[INSTRUCTIONS TO FOLLOW]
Your answer should be an exact copy of all the entries, free of pictures.

[[ DATA FOR THIS TASK, beginning ]]

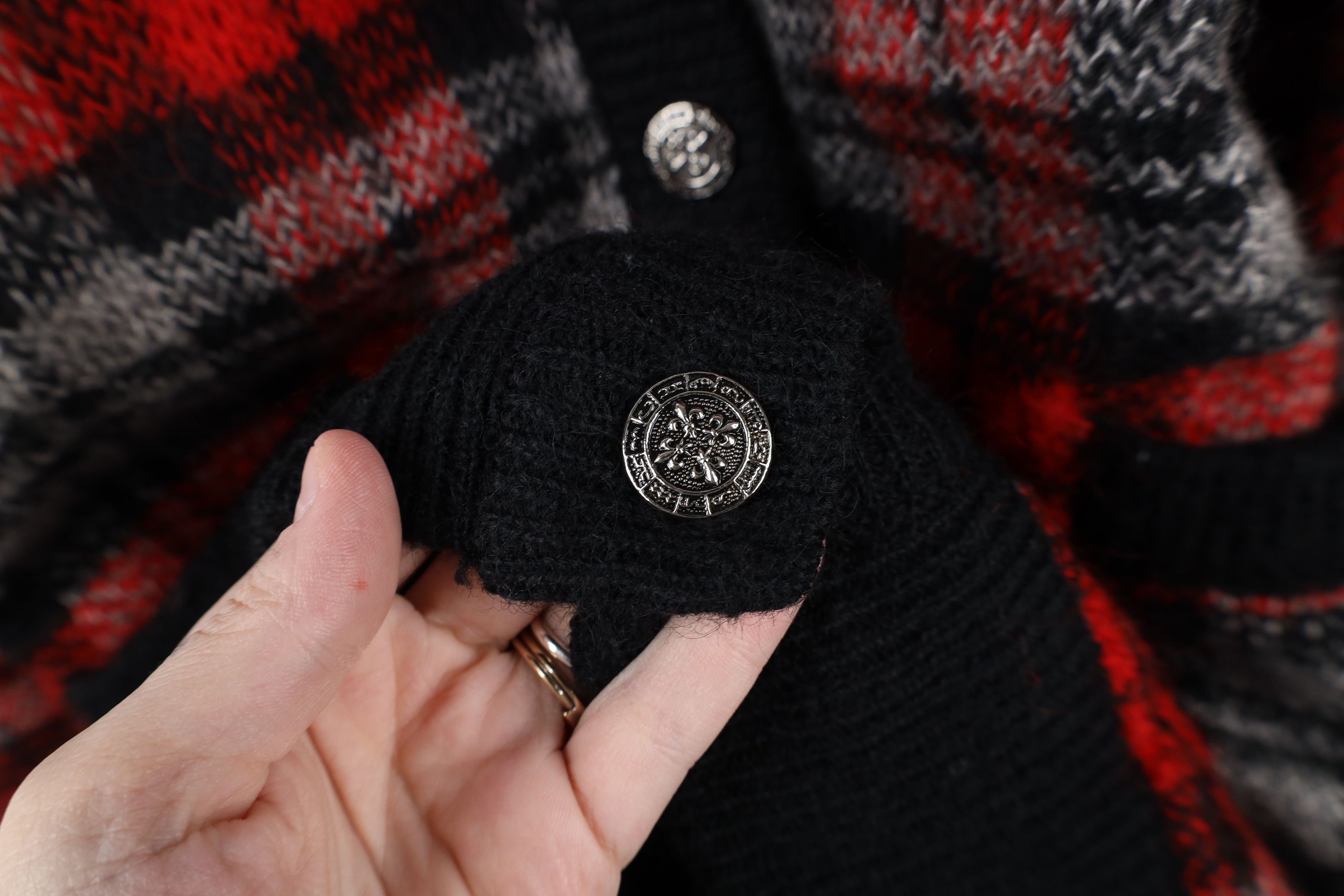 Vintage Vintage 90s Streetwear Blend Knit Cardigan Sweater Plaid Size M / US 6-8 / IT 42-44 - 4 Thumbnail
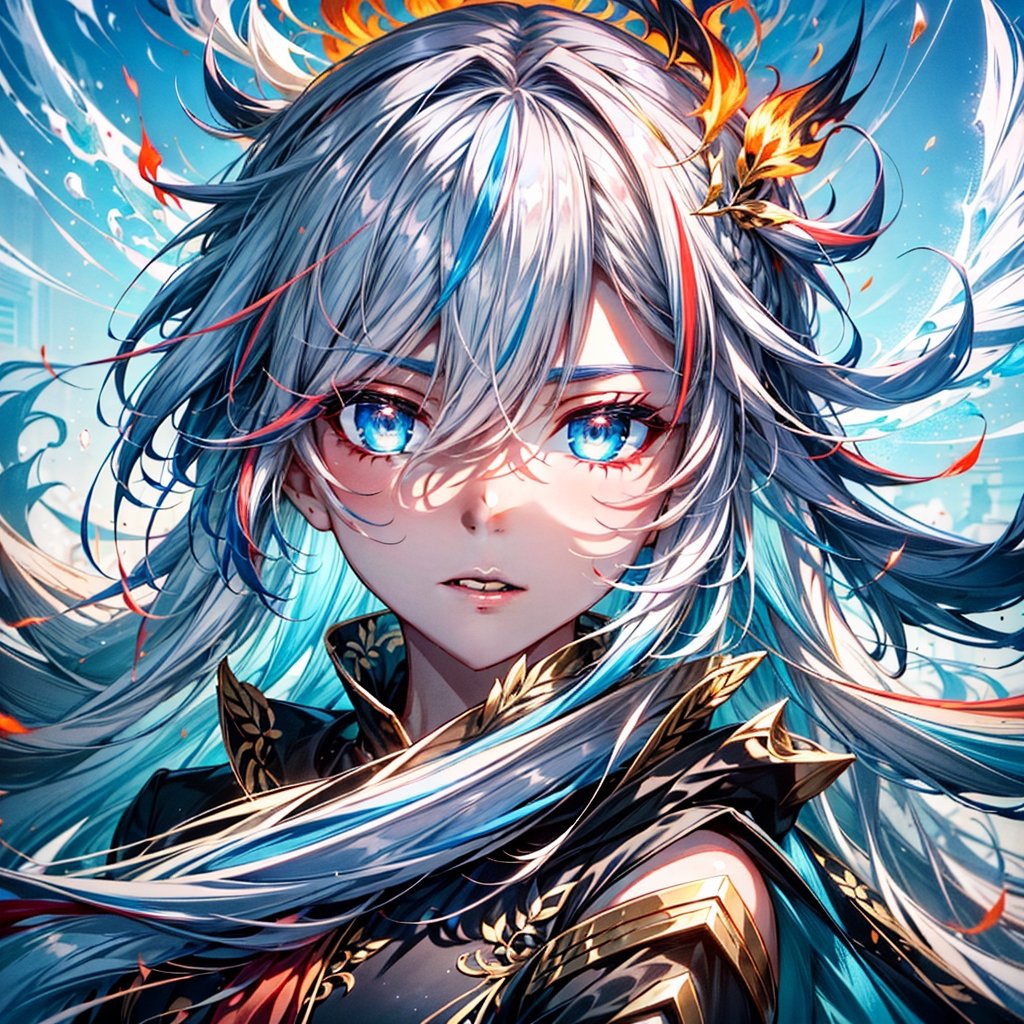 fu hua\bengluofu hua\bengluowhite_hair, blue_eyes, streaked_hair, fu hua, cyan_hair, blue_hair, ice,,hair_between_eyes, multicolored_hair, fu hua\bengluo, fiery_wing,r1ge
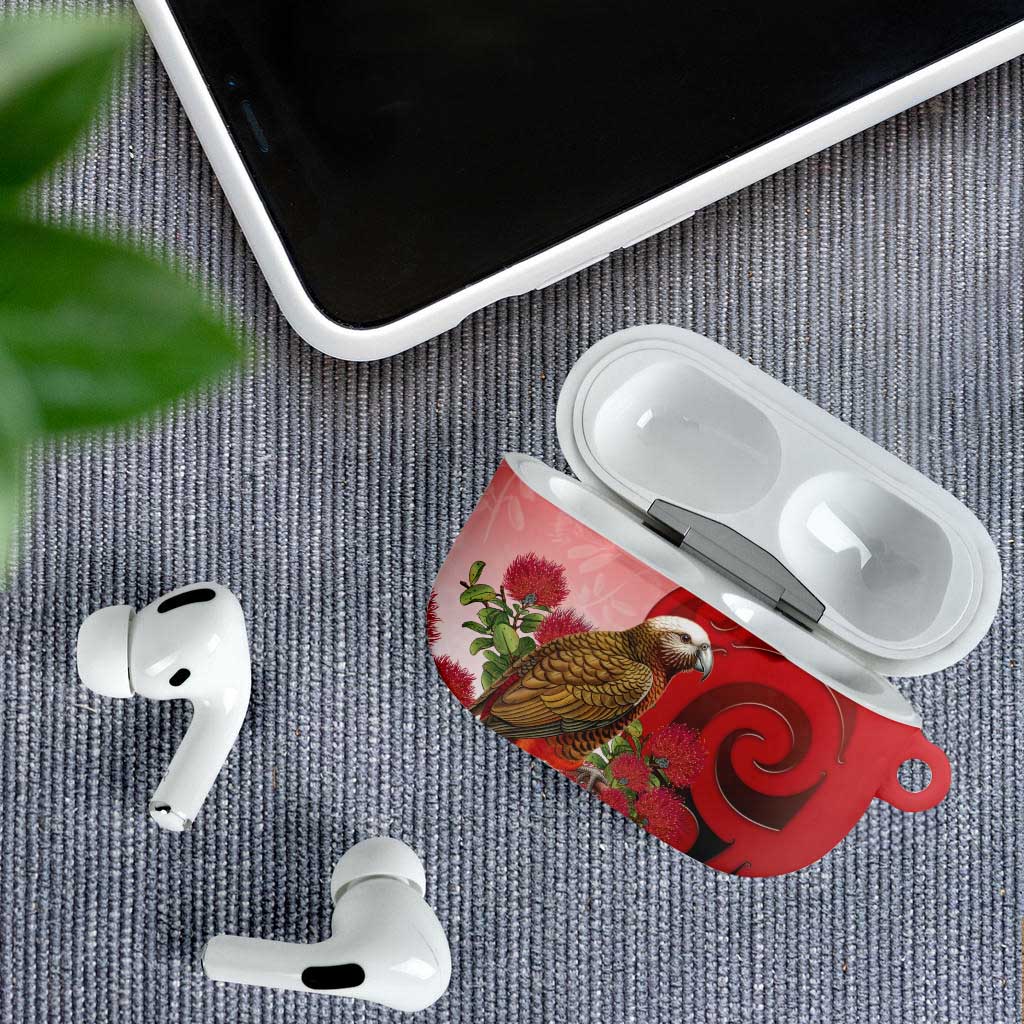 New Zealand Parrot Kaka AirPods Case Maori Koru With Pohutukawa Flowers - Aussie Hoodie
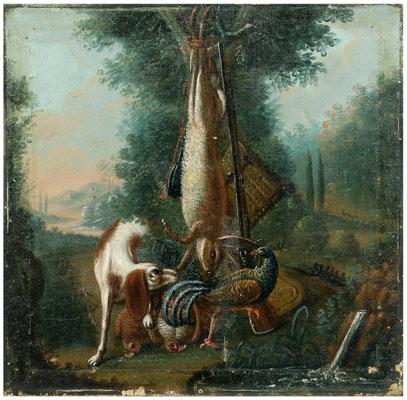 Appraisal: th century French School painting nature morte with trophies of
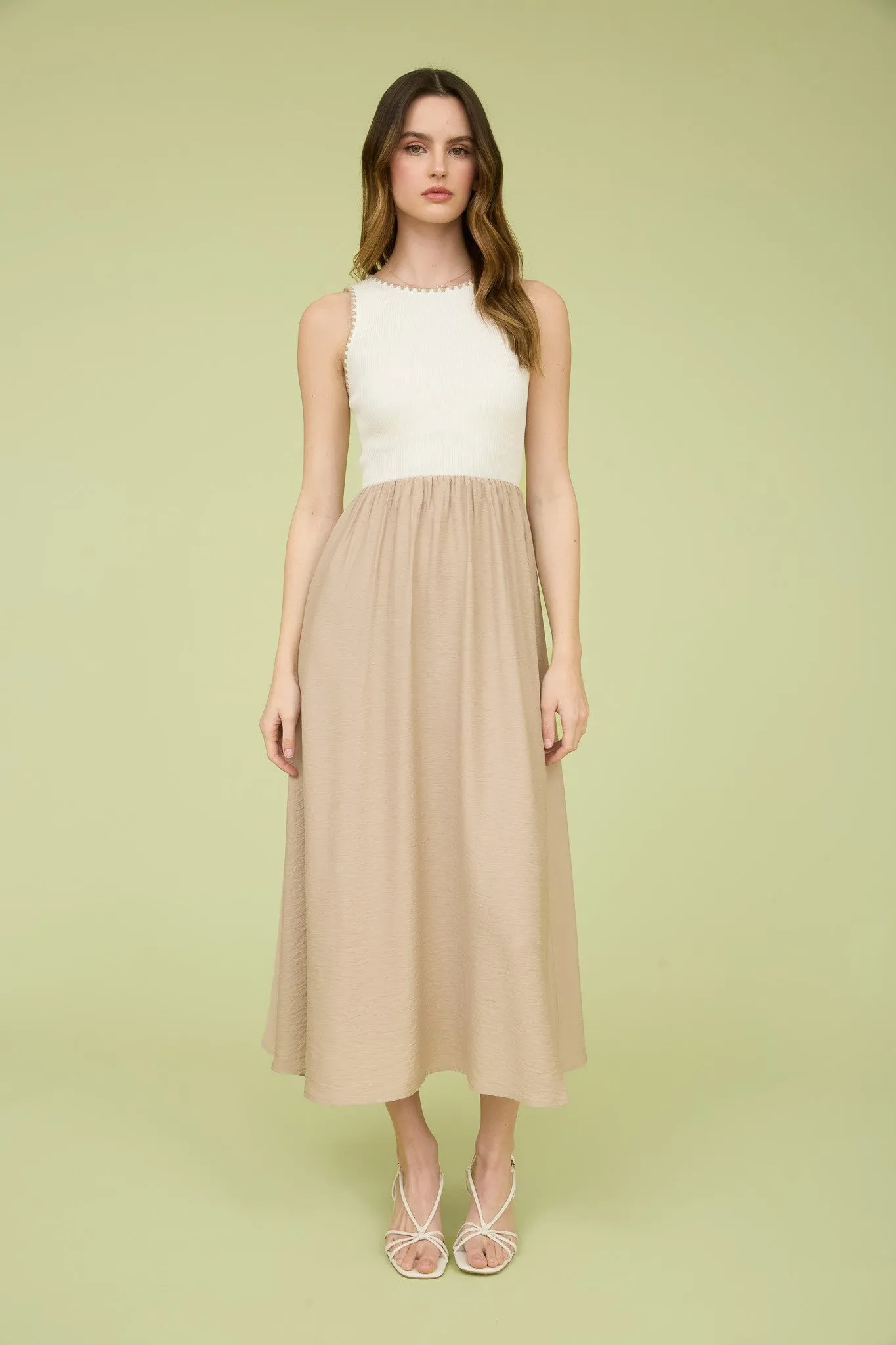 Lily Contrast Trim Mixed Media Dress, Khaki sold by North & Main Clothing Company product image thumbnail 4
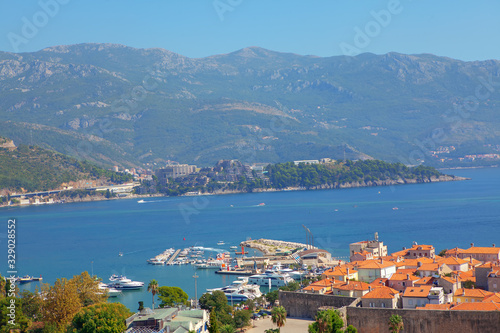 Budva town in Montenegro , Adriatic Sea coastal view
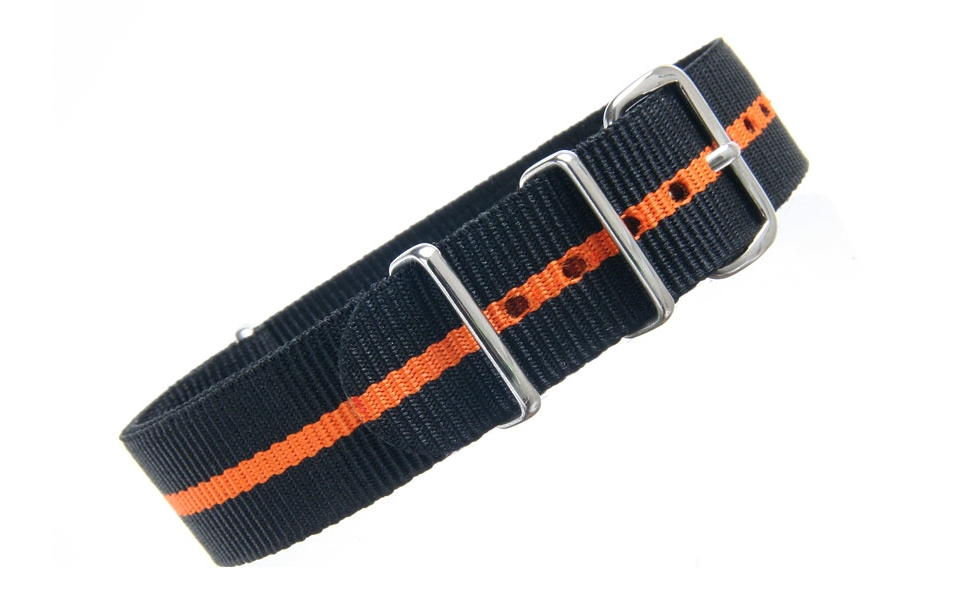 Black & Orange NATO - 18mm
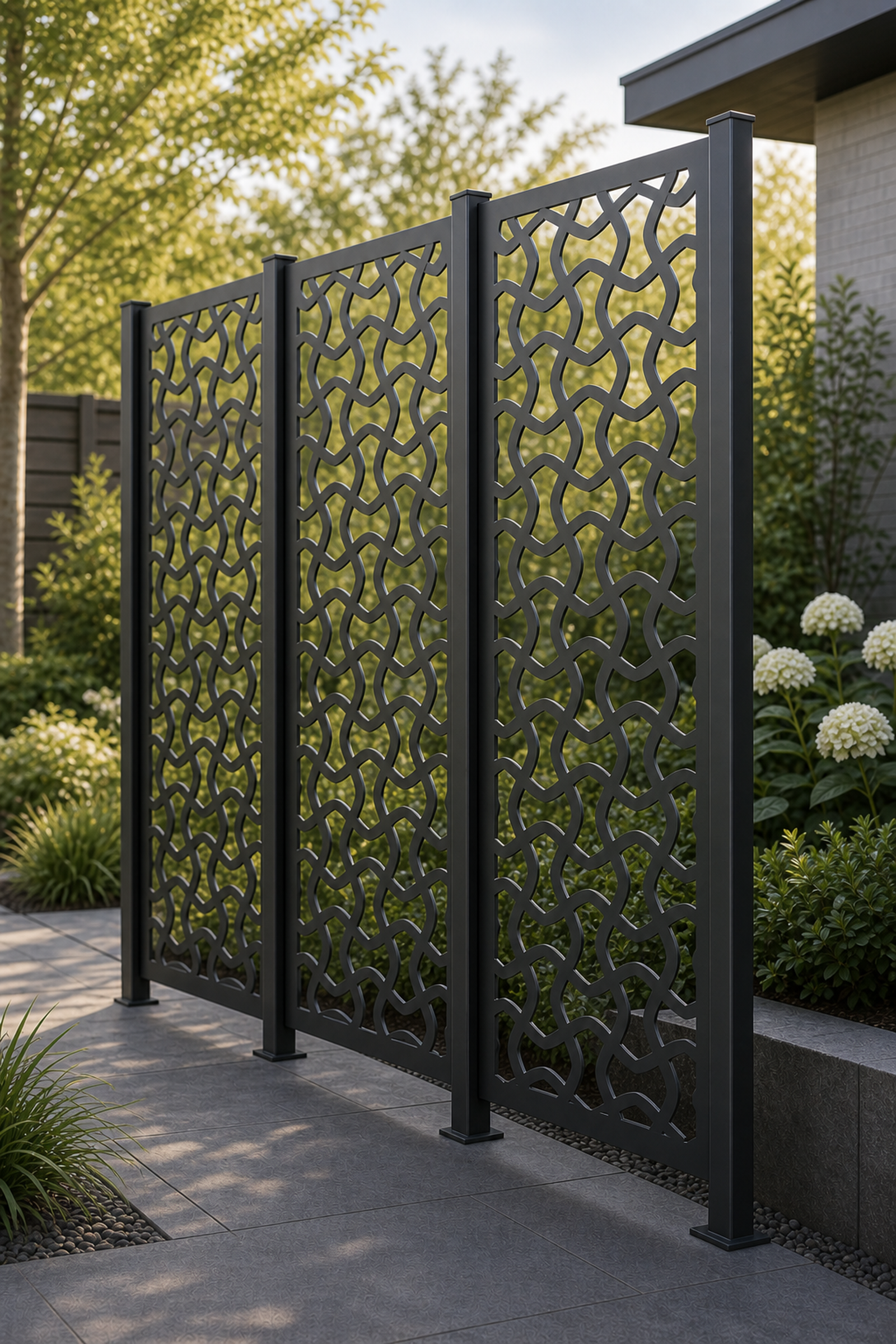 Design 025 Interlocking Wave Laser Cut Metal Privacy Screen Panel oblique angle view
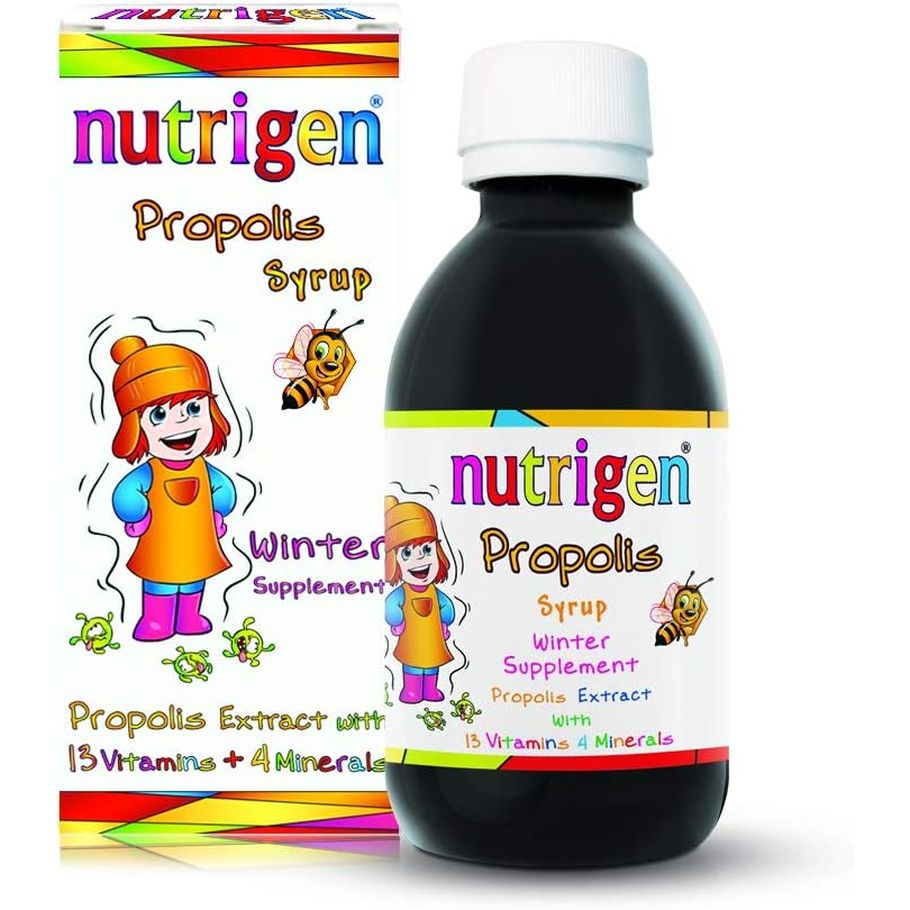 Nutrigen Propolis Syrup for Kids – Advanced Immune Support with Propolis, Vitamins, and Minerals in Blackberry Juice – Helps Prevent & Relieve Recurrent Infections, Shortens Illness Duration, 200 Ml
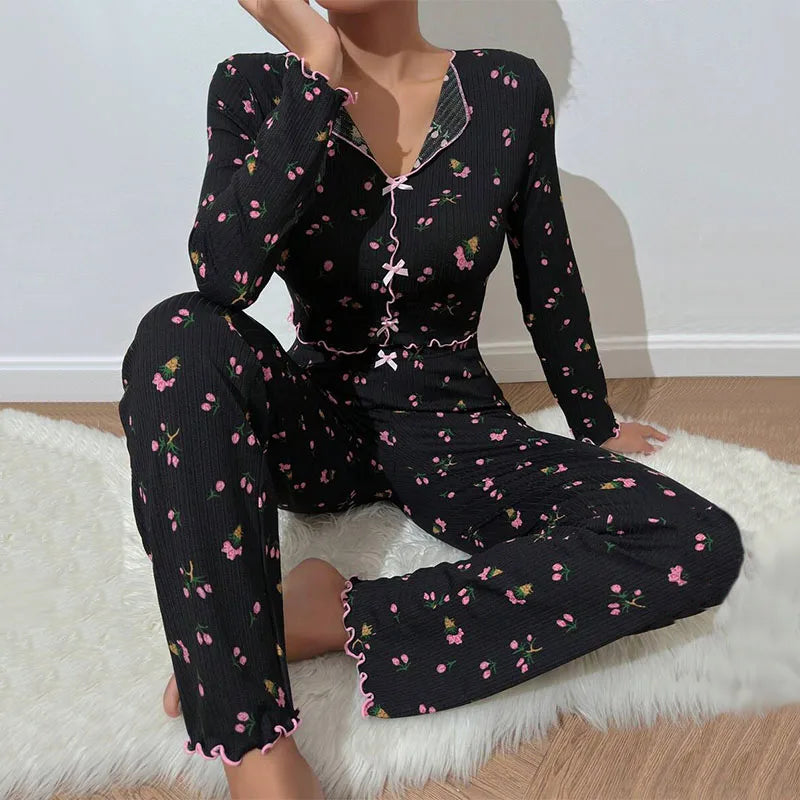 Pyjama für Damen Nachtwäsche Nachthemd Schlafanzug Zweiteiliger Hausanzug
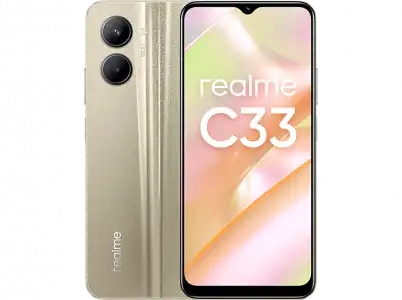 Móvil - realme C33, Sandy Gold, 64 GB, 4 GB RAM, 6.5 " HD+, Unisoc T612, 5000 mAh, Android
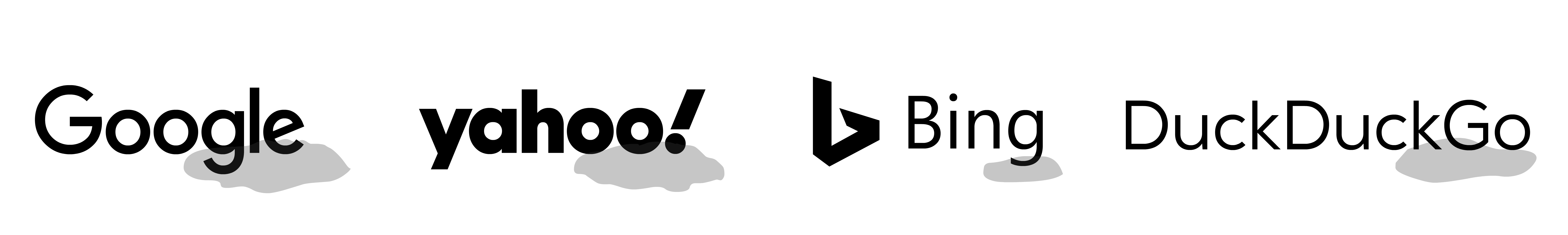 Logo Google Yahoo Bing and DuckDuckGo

[[ DATA FOR THIS TASK, end ]]

[SOLUTION]
 Vintage Vintage 90s Streetwear Blend Knit Cardigan Sweater Plaid Size M / US 6-8 / IT 42-44 - 4 Thumbnail
 fu hua\bengluofu hua\bengluowhite_hair, blue_eyes, streaked_hair, fu hua, cyan_hair, blue_hair, ice,,hair_between_eyes, multicolored_hair, fu hua\bengluo, fiery_wing,r1ge
 New Zealand Parrot Kaka AirPods Case Maori Koru With Pohutukawa Flowers - Aussie Hoodie
 Appraisal: th century French School painting nature morte with trophies of
 Lily Contrast Trim Mixed Media Dress, Khaki sold by North & Main Clothing Company product image thumbnail 4
 Budva town in Montenegro , Adriatic Sea coastal view
 Black & Orange NATO - 18mm
 Design 025 Interlocking Wave Laser Cut Metal Privacy Screen Panel oblique angle view
 Nutrigen Propolis Syrup for Kids – Advanced Immune Support with Propolis, Vitamins, and Minerals in Blackberry Juice – Helps Prevent & Relieve Recurrent Infections, Shortens Illness Duration, 200 Ml
 Pyjama für Damen Nachtwäsche Nachthemd Schlafanzug Zweiteiliger Hausanzug
 Móvil - realme C33, Sandy Gold, 64 GB, 4 GB RAM, 6.5 " HD+, Unisoc T612, 5000 mAh, Android
 Logo Google Yahoo Bing and DuckDuckGo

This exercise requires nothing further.